Are you sick of the coats yet? Try not to be! We visited a holiday bazaar this weekend and people kept stopping us to comment on the kids’ coats. Ok, ok, Mr. Gren: You were right! People love the coats. Now we’ll have to see if anyone will buy them.
So, the last time I posted about the coats, I mentioned making fancy hats for the girls. Those whipped up pretty quickly and they turned out just so cute! Like, can’t-stand-it cute. The hats are fleece, as well as the small flowers. The hats are three pieces: the top, the crown, and the band. Easy! The flowers were fun to do. Take a narrow strip of fabric; put in a gathering stitch along one side; pull up the gathers and then roll and hand-tack into a rosebud shape.
As an added photgraphic bonus, Rana is wearing the ABC jumper I made her for school and Granota is wearing my Hanna Andersson knock-off dress. I didn’t get very good pictures of those back when I first made them.
This was the last of our good weather here (late October-November has been gorgeous!), so we took the kids down to play at the river for a little while. The girls tried their hands at fishing.
Now, there were a few people who were concerned that the girls get all the love and Konik is left freezing to death. Not to worry, though! I made him a coat last year which was big then and is still a little oversized this year. We might even be able to use it again next year, who knows!
A few tips for sewing with plaid:
- Identify the dominant stripe in the pattern. You’re going to base the arrangement of your pattern pieces around it. You want the dominant stripe to highlight the main lines of the garment — center front and center back.
- Also be aware of the horizontal stripes when you cut the fabric. You want them to line up all the way around the garment. You can see how the horizontal stripes meet across the two front pieces of the coat; the same is true of the side seams where they meet the back piece. And, if there is also a dominant horizontal stripe in your plaid, you want that to hit appropriate parts of the body as well.

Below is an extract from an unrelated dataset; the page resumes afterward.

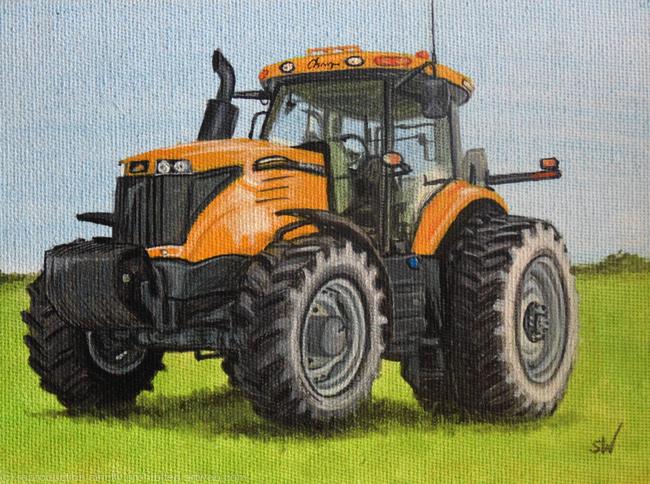Cat Challenger Tractor Style Mini Painting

- This might mean that you don’t exactly follow the pattern piece layout given in the sewing pattern instructions, but that’s ok. Some of the pieces that you would normally cut out two at a time (the front pieces and the sleeves, for example) are better done one at a time when dealing with plaid. It’s the only way you can really ensure that the plaid will match up like it should.
Notice how the dominant stripe runs right down the center of his back, including the collar. This is the kind of thing that most people don’t think about when they see a plaid garment done right. But, boy, do you ever notice if that plaid is the slightest bit off. It’s worth it to take some extra time and make sure it’s right!